Analogies are a powerful way to explain complicated scientific concepts. I use them as much as I can whenever I describe particle physics in this blog or when I give a outreach talk in a school. However, good ones are not always easy to find. One usually needs examples from everyday life, which are simple to describe and which do not possess distracting features.

Today I wish to try my luck with you, to see if you come up with an analogy which is better than the one I could find to explain a feature of weak interactions. I must say I am not dissatisfied with my own find, but it is always good to subject oneselves to external judgement.

You probably know, if you read this blog, that photons are mass-less particles carrying the electromagnetic interaction, while W and Z bosons are very massive particles carrying the weak interaction. A stark disfference in the phenomenology of electromagnetic and weak interactions at low energy is that the former have a infinite range, while the latter have a very short range of action. Another is the very reason why W and Z bosons carry the interaction we call "weak": at low energy, the strength of the weak force is much smaller than that of the electromagnetic force.

The fact that a massive particle has a short range of action may probably be easy to explain; harder is to let our listeners grasp the property that a force brought about by a massive body must be less intense. This in the subatomic world is due to the much smaller probability of emission of these massive bodies; and it is not easy to find a real-life analogue of such a feature.

Below is the analogy I came up with. If you have a better one, please share it in the comments thread!

The large mass of W and Z particles is the reason why weak forces are called that way: the mass of these vector bosons is a hindrance to their ability to mediate long-range interactions, and a parameter which determines the interaction strength. To understand how a massive mediator may be less effective than a mass-less one, take a cup of hot chocolate and a raw chocolate bar: the former disperses around with its vapour very small, light-weight particles, which you can easily smell from a distance; the latter can only release a small speck of solid chocolate if you get very close and inhale powerfully.

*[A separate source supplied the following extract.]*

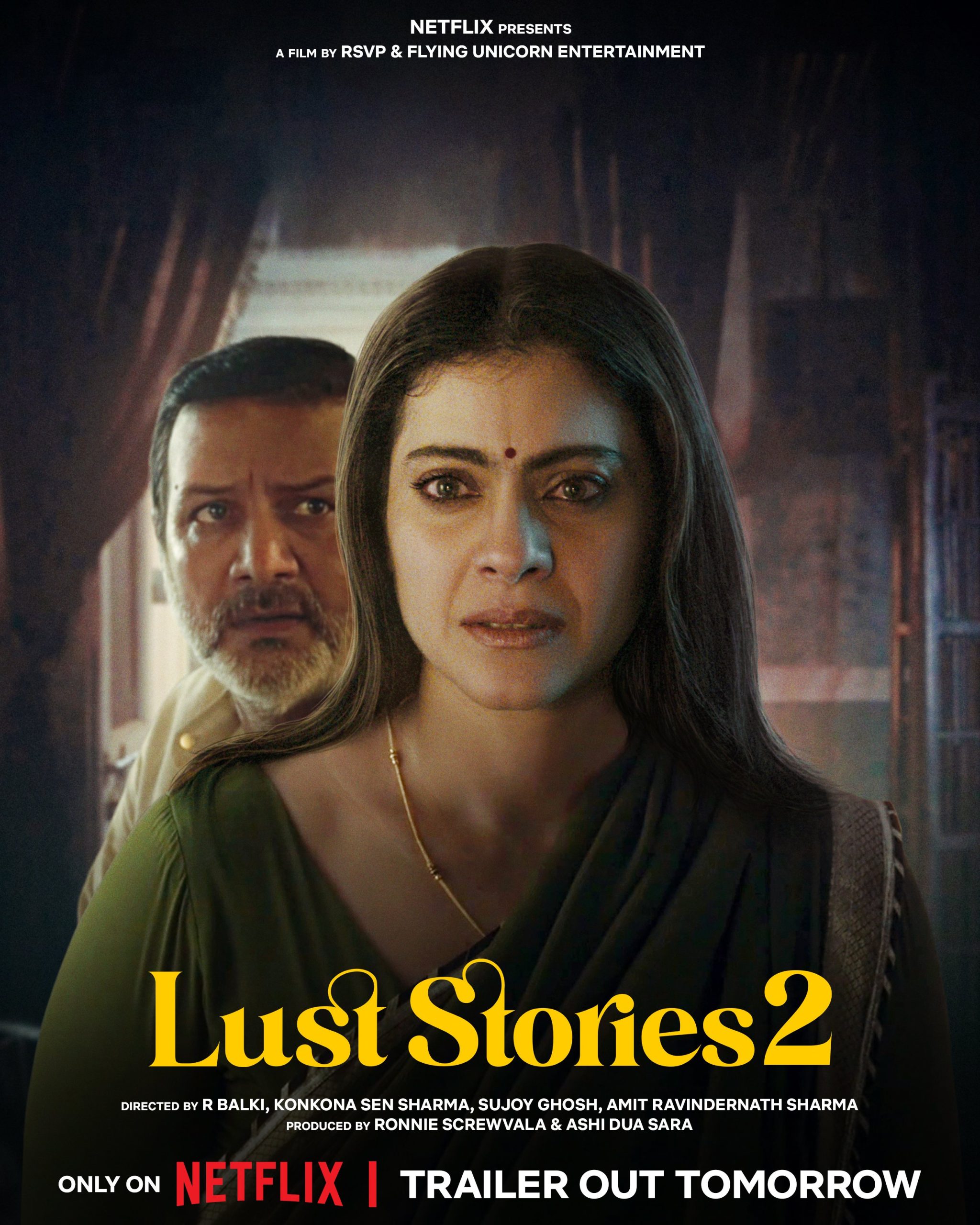 فیلم Lust stories 2 2023 | داستان های شهوت 2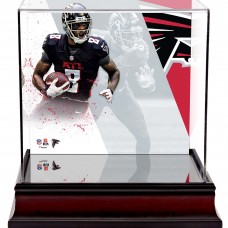 Kyle Pitts Atlanta Falcons Deluxe Mini Helmet Case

The speck is much more massive than the corpuscles evaporating from the cup, and is thus incapable of carrying the chocolate interaction far away; furthermore, even at small distance the experienced chocolate smell from the bar is way less intense, because of the small rate at which the bar releases a speck of chocolate when you sniff it!

The behaviour of the smell of the cup and the bar when sniffed may be likened to the behaviour of electromagnetic and weak interactions at low energy: the former interaction will appear much more intense. Now, however, let us imagine for the sake of arguing that we construct a computerized sniffer that analyzes the odour of solid as well as liquid materials. It works by taking the material under test, vaporizing it, and analyzing the absorption lines of the produced vapour. Such a device will find that cup and bar of chocolate have the same intensity of chocolate smell. Likewise, electromagnetic and weak interactions become equally strong at very high energy, once the different mass of chocolate particles and solid specks -pardon, of photons and W/Z bosons- becomes irrelevant.